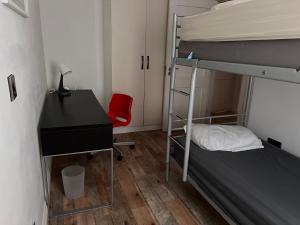 ein Schlafzimmer mit Etagenbett und Schreibtisch in der Unterkunft Family friendly house in Purley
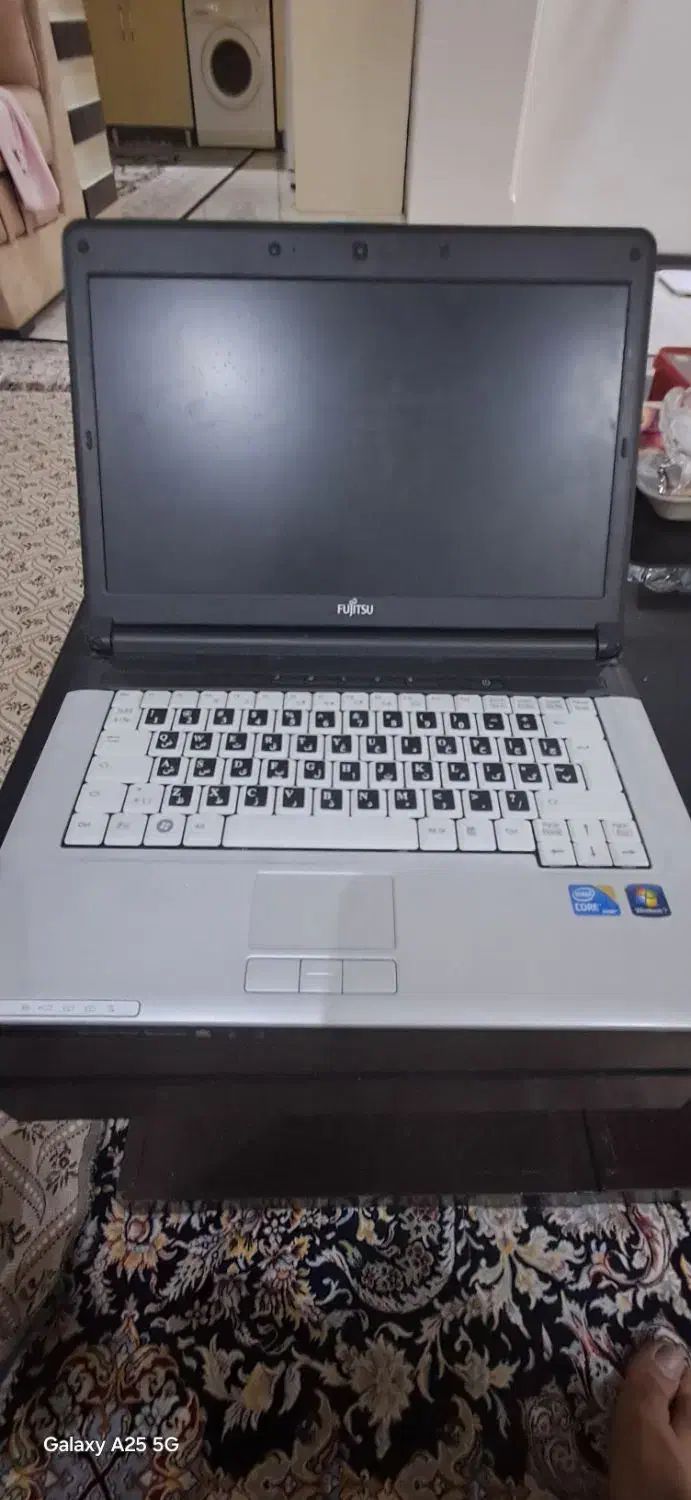 یکدستگاه لب تاپ فوجیتسو آلمان|رایانه همراه|تهران, بلوار کشاورز|دیوار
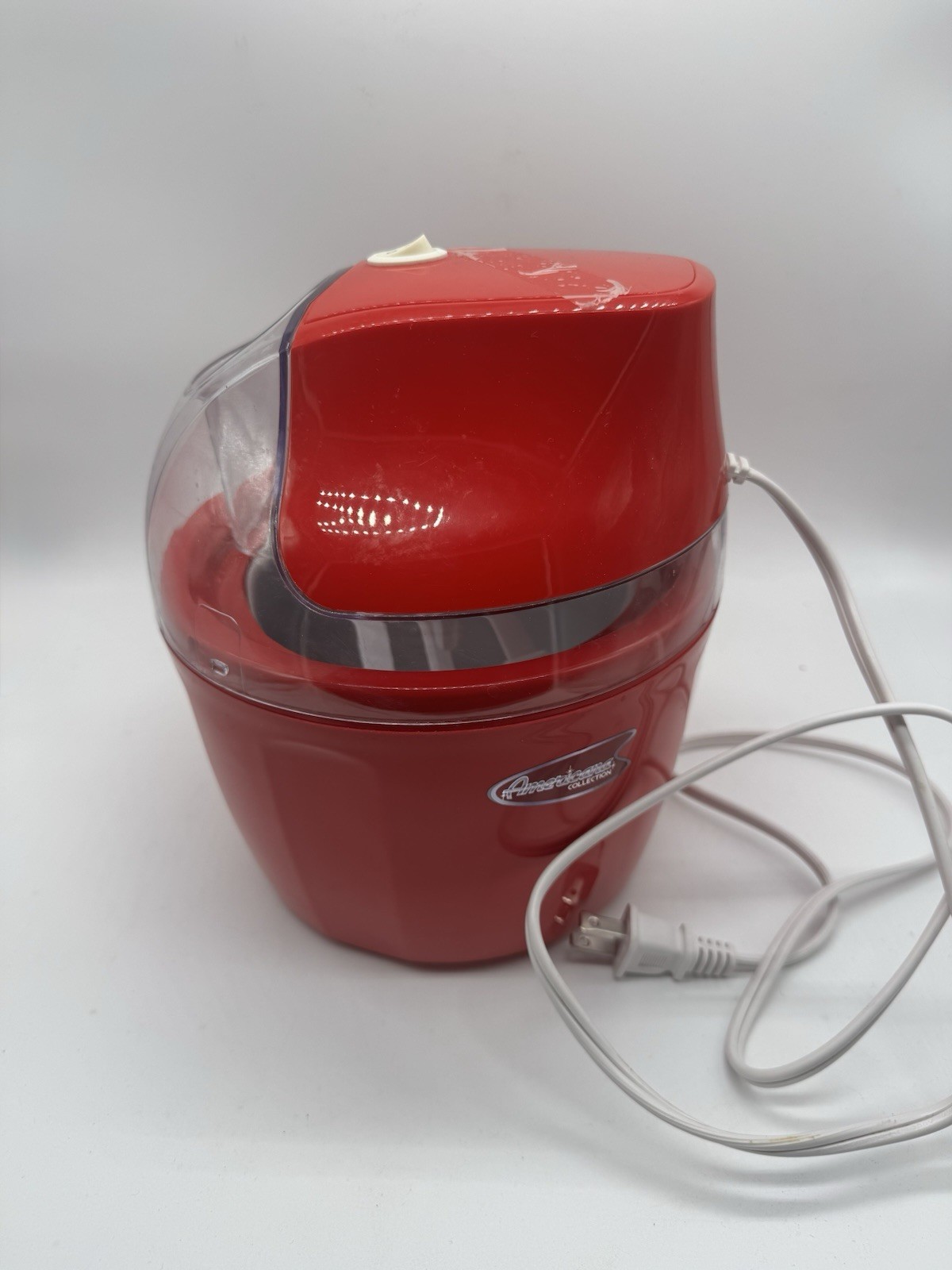 Americana Collection 1.5QT. Capacity Ice Cream Maker EIM-1400R Red w/ Manual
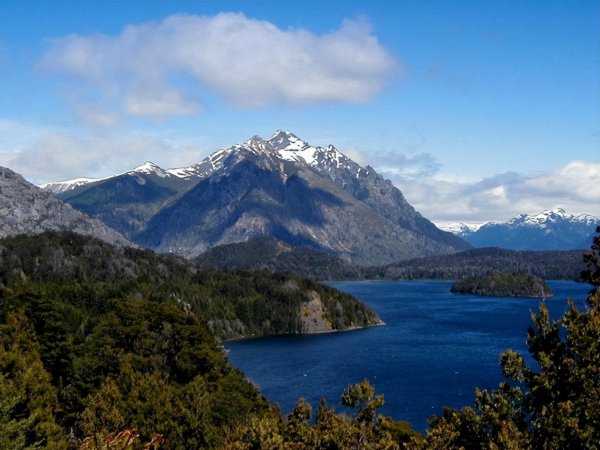 中国离哪个国家最远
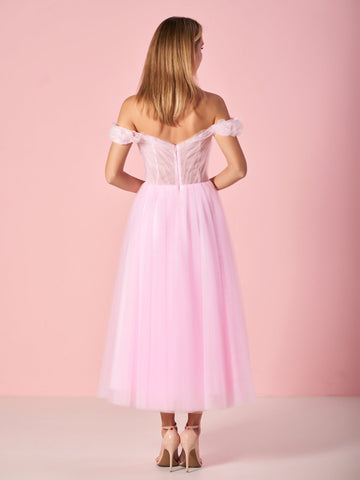 Schulterfreies Ballkleid aus Tüll in Teelänge mit Herzausschnitt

-------

• _WHAT YOU NEED TO DO_:
The data must be repeated exactly. Any pictures in it are to be left out.

• _ANSWER_:
 ein Schlafzimmer mit Etagenbett und Schreibtisch in der Unterkunft Family friendly house in Purley
 یکدستگاه لب تاپ فوجیتسو آلمان|رایانه همراه|تهران, بلوار کشاورز|دیوار
 Americana Collection 1.5QT. Capacity Ice Cream Maker EIM-1400R Red w/ Manual
 中国离哪个国家最远
 Schulterfreies Ballkleid aus Tüll in Teelänge mit Herzausschnitt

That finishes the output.